● **SUPPLIED INFORMATION**
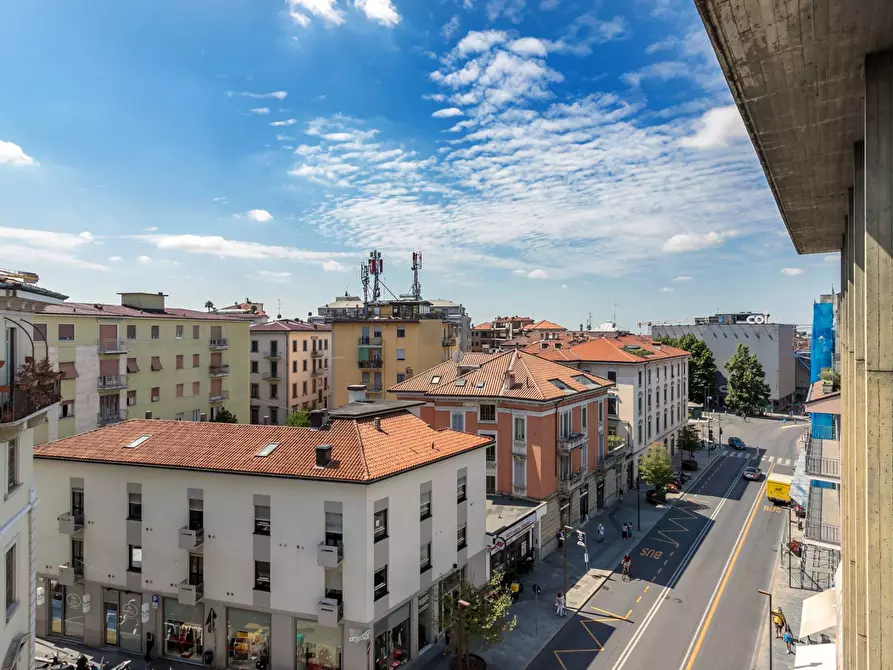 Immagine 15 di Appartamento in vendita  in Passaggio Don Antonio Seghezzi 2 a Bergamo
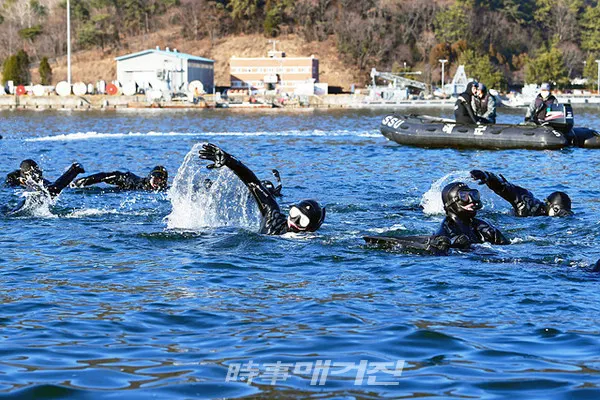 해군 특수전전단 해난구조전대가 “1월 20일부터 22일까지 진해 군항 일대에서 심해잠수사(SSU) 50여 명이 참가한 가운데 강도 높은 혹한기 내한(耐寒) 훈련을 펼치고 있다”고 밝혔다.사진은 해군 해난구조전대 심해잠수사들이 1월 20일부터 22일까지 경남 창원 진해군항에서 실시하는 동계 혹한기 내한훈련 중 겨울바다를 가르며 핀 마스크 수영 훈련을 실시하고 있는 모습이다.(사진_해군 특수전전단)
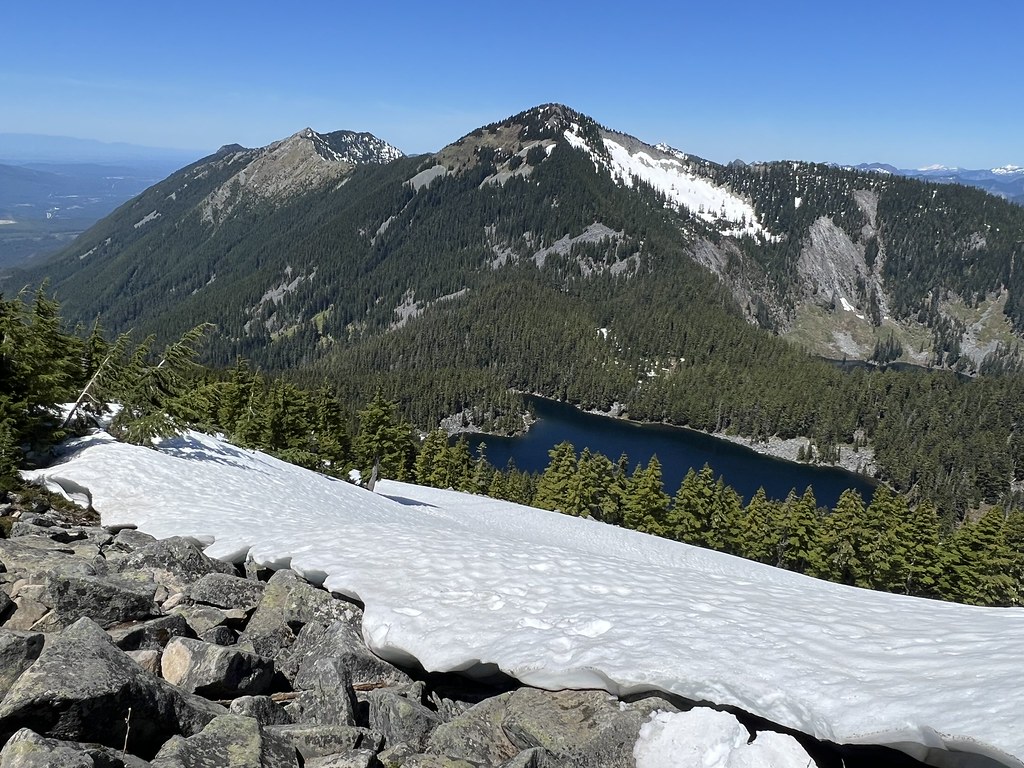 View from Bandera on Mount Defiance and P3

...

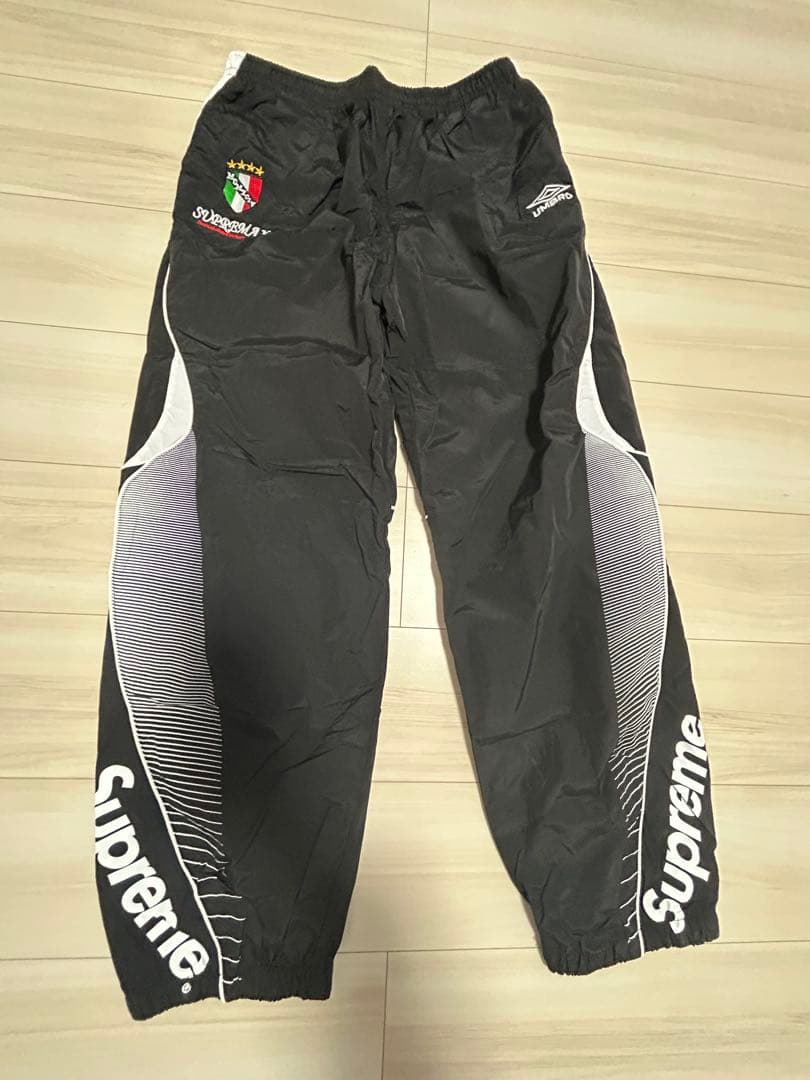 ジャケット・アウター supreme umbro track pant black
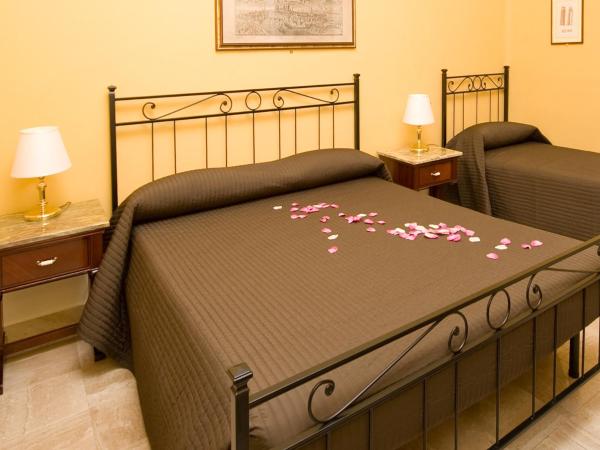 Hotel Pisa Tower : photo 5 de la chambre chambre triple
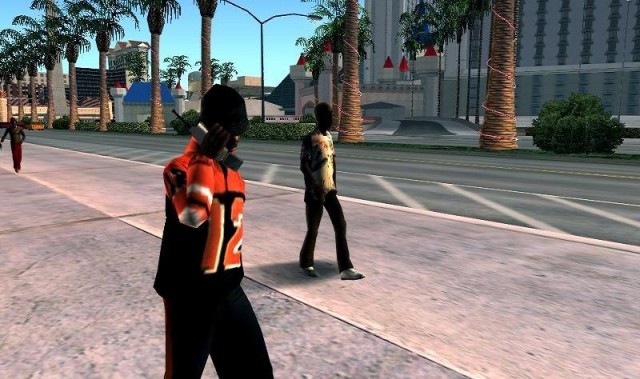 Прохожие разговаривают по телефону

* * *

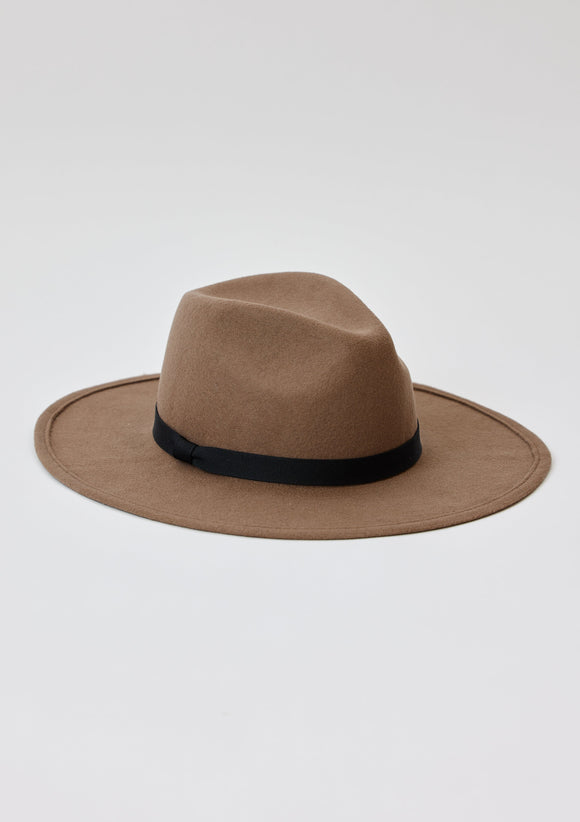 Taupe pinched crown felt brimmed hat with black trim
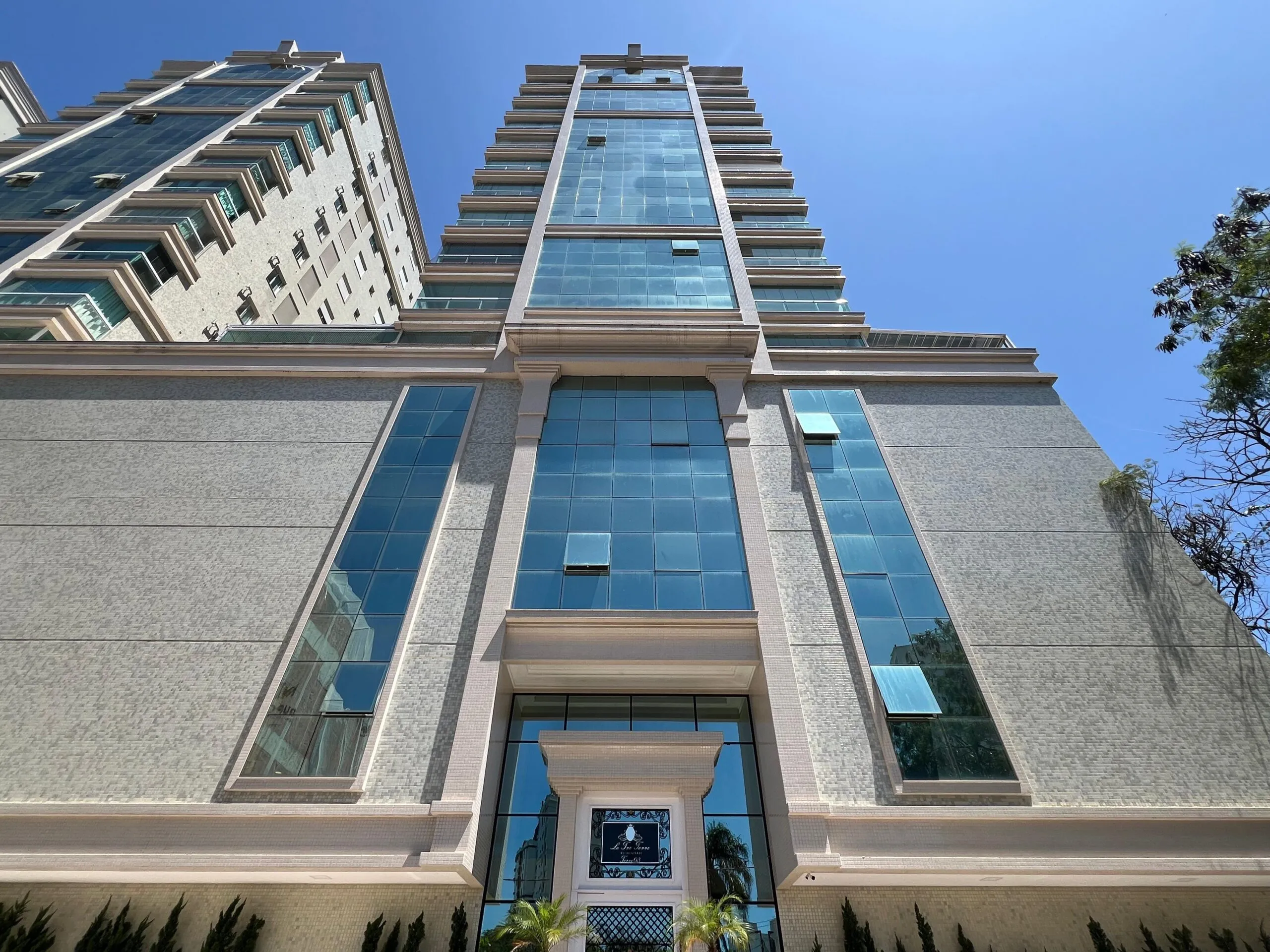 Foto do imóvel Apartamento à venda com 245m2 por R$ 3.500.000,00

● **EXERCISE REQUIREMENTS**
All lines above starting at the one with "Immagine 15 di" and ending at the one with "View from Bandera on Mount Defiance and P3", inclusive, are to be printed again exactly, with the pictures left out.

● **FINISHED TASK**
 Immagine 15 di Appartamento in vendita  in Passaggio Don Antonio Seghezzi 2 a Bergamo
 해군 특수전전단 해난구조전대가 “1월 20일부터 22일까지 진해 군항 일대에서 심해잠수사(SSU) 50여 명이 참가한 가운데 강도 높은 혹한기 내한(耐寒) 훈련을 펼치고 있다”고 밝혔다.사진은 해군 해난구조전대 심해잠수사들이 1월 20일부터 22일까지 경남 창원 진해군항에서 실시하는 동계 혹한기 내한훈련 중 겨울바다를 가르며 핀 마스크 수영 훈련을 실시하고 있는 모습이다.(사진_해군 특수전전단)
 View from Bandera on Mount Defiance and P3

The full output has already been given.